Why are these things invalid when they're clearly part of the file name?
So even if you refuse to let the Mac count for other reasons, why don't GEM, OS/2, OSF/Motif, CDE, or NeXT count?
>Cleartype for one
"So more than twenty years ago, Apple II graphics programmers were using this 'sub-pixel' technology to effectively increase the horizontal resolution of their Apple II displays." -- Steve Wozniak
It's not hard - I remember such times easily. However, in those days, we complained about having to edit text files called "INI files" in C:\WINDOWS, and "CONFIG.SYS" in C:\. Eventually, that avenue was taken from us, and we had to resort to using a graphical tool to change settings in a binary data-store, which was called the "Registry", which contained the exact same entries as the old "INI files", but without the ability to edit them in DOS mode.

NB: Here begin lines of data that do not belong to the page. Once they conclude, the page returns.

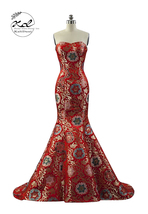 Classic glamorous Mermaid Fishtail Embroidery Brocade sleeveless long Pr... - £293.88 GBP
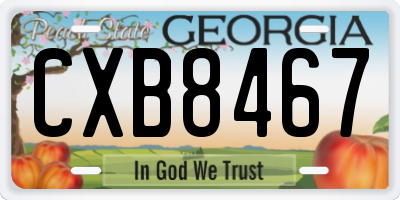 GA license plate CXB8467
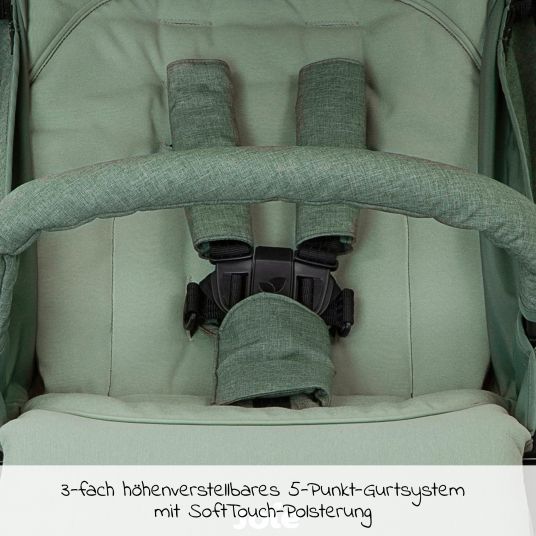 joie 2in1 Reisebuggy-Set Pact nur 6 kg - inkl. Babyschale i-Snug 2, Transporttasche, Adapter, Regenschutz & Insektenschutz - Laurel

Just because they're not stored in
"Go to CNN [for a] spell-checked, fact-checked summary" -- CmdrTaco
If there was ever a piece of software so central to an operating system, yet so fragile, vastly overburdened and insecure with a tendency to break if you just look at it, then it's the Windows Registry.
Dude, you're to young. The Window's Registry was preceded by the OS/2 Registry, which was equally hated and villified for years before Redmond picked up on the 'idea'.
My biggest beef with Microsoft is that when they do claim to innovate, it turns out that what they've done is either steal someone elses bad idea, or reimplement a good idea poorly.